__Work instructions__. Reproduce the listing below exactly, from its first line down to and including the line with "Hotel Luzino pet-friendly hotel Luzino".
------------------------------------------------------------------------
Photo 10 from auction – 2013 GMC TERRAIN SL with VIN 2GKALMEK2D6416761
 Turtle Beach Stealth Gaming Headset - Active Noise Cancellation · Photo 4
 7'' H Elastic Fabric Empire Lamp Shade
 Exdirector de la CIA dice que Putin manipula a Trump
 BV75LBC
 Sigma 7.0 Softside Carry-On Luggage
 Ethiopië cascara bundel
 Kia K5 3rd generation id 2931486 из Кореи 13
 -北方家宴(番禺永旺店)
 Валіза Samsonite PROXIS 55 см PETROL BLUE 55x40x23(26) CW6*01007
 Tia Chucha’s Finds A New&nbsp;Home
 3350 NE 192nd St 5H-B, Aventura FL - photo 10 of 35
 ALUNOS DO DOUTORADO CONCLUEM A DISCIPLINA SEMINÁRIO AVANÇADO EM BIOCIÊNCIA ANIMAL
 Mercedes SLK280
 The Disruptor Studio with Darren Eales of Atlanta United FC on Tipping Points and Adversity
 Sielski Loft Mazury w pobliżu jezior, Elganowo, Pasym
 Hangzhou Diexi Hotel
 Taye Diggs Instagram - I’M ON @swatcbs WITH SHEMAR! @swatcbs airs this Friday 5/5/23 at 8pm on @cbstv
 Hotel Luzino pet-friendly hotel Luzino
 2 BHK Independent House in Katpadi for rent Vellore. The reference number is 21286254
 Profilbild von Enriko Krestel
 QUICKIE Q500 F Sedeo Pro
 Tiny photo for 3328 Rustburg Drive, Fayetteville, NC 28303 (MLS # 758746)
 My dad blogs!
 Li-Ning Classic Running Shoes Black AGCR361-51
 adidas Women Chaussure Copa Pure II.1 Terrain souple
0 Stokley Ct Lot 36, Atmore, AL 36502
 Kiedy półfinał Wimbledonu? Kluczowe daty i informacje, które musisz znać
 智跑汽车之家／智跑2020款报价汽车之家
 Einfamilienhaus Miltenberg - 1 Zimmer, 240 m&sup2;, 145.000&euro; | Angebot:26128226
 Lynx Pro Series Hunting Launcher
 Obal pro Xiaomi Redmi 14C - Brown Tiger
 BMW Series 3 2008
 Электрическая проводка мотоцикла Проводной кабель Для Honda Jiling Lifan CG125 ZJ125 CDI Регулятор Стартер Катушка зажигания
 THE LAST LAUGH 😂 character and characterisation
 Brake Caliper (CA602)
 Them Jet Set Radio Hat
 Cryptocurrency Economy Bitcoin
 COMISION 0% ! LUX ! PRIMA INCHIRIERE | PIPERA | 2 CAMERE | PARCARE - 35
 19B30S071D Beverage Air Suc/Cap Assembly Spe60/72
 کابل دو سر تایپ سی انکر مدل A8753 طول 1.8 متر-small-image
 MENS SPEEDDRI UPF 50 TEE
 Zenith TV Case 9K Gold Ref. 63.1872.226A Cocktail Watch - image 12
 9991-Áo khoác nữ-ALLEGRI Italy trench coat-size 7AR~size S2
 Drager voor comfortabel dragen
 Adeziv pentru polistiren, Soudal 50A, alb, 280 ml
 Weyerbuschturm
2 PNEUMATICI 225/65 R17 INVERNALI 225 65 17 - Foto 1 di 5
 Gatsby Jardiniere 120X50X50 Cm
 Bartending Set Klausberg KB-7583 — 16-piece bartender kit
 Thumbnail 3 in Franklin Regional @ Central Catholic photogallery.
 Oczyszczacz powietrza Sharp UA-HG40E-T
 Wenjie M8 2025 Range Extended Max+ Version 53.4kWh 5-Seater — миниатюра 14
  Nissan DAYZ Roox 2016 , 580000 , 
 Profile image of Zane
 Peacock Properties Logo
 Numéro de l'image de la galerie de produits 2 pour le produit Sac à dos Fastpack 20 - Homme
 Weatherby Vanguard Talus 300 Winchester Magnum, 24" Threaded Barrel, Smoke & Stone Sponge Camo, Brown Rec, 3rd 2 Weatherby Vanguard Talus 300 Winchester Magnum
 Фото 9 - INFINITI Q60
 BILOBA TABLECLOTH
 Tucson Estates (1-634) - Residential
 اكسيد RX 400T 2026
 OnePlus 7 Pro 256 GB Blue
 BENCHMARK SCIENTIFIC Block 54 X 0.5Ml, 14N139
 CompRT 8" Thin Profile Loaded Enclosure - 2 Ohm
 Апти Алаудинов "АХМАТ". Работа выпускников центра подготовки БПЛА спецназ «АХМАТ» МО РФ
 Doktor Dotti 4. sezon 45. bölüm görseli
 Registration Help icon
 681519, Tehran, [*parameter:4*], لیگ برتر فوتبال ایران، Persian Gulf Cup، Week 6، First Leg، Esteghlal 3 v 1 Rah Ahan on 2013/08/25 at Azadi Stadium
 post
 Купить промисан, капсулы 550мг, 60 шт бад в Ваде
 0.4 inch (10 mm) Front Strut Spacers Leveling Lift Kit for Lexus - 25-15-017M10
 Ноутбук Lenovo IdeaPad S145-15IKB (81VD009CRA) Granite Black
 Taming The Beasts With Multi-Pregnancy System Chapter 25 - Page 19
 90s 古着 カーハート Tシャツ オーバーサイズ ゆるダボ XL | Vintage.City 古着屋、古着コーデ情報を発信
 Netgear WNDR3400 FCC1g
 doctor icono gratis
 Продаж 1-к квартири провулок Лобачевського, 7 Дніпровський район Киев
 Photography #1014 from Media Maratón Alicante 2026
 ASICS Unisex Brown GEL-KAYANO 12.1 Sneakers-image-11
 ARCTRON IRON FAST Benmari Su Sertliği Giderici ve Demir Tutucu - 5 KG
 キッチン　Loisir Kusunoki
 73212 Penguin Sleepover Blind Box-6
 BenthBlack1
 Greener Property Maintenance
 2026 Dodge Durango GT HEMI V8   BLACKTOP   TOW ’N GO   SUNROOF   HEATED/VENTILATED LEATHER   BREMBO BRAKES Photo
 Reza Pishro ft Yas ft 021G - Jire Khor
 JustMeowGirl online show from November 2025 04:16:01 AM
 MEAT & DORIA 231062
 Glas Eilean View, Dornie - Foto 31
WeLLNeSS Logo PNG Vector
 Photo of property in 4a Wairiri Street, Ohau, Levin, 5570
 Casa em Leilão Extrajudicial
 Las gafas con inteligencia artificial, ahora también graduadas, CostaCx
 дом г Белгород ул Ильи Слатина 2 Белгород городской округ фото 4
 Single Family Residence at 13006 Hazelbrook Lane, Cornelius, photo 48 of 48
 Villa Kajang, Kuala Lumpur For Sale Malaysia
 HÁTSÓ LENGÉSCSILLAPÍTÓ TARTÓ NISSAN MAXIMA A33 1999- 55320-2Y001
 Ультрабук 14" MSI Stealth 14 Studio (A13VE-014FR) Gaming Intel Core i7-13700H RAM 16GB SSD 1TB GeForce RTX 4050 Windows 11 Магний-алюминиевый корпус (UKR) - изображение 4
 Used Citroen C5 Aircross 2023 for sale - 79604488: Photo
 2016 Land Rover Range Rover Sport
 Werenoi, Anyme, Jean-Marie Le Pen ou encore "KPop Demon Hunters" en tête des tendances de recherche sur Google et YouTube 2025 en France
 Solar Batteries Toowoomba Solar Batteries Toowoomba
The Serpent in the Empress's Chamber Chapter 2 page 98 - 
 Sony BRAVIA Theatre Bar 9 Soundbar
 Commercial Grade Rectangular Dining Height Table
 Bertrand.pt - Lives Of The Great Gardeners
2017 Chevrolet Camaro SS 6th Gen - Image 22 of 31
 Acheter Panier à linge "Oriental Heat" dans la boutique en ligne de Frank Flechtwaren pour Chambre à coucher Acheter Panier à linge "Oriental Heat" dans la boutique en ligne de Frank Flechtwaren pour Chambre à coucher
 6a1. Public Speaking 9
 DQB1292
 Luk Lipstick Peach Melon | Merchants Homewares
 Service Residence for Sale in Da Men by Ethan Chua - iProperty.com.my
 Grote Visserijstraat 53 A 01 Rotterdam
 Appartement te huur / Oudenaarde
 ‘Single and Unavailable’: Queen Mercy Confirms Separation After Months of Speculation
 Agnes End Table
------------------------------------------------------------------------
__Task response__.
Photo 10 from auction – 2013 GMC TERRAIN SL with VIN 2GKALMEK2D6416761
 Turtle Beach Stealth Gaming Headset - Active Noise Cancellation · Photo 4
 7'' H Elastic Fabric Empire Lamp Shade
 Exdirector de la CIA dice que Putin manipula a Trump
 BV75LBC
 Sigma 7.0 Softside Carry-On Luggage
 Ethiopië cascara bundel
 Kia K5 3rd generation id 2931486 из Кореи 13
 -北方家宴(番禺永旺店)
 Валіза Samsonite PROXIS 55 см PETROL BLUE 55x40x23(26) CW6*01007
 Tia Chucha’s Finds A New&nbsp;Home
 3350 NE 192nd St 5H-B, Aventura FL - photo 10 of 35
 ALUNOS DO DOUTORADO CONCLUEM A DISCIPLINA SEMINÁRIO AVANÇADO EM BIOCIÊNCIA ANIMAL
 Mercedes SLK280
 The Disruptor Studio with Darren Eales of Atlanta United FC on Tipping Points and Adversity
 Sielski Loft Mazury w pobliżu jezior, Elganowo, Pasym
 Hangzhou Diexi Hotel
 Taye Diggs Instagram - I’M ON @swatcbs WITH SHEMAR! @swatcbs airs this Friday 5/5/23 at 8pm on @cbstv
 Hotel Luzino pet-friendly hotel Luzino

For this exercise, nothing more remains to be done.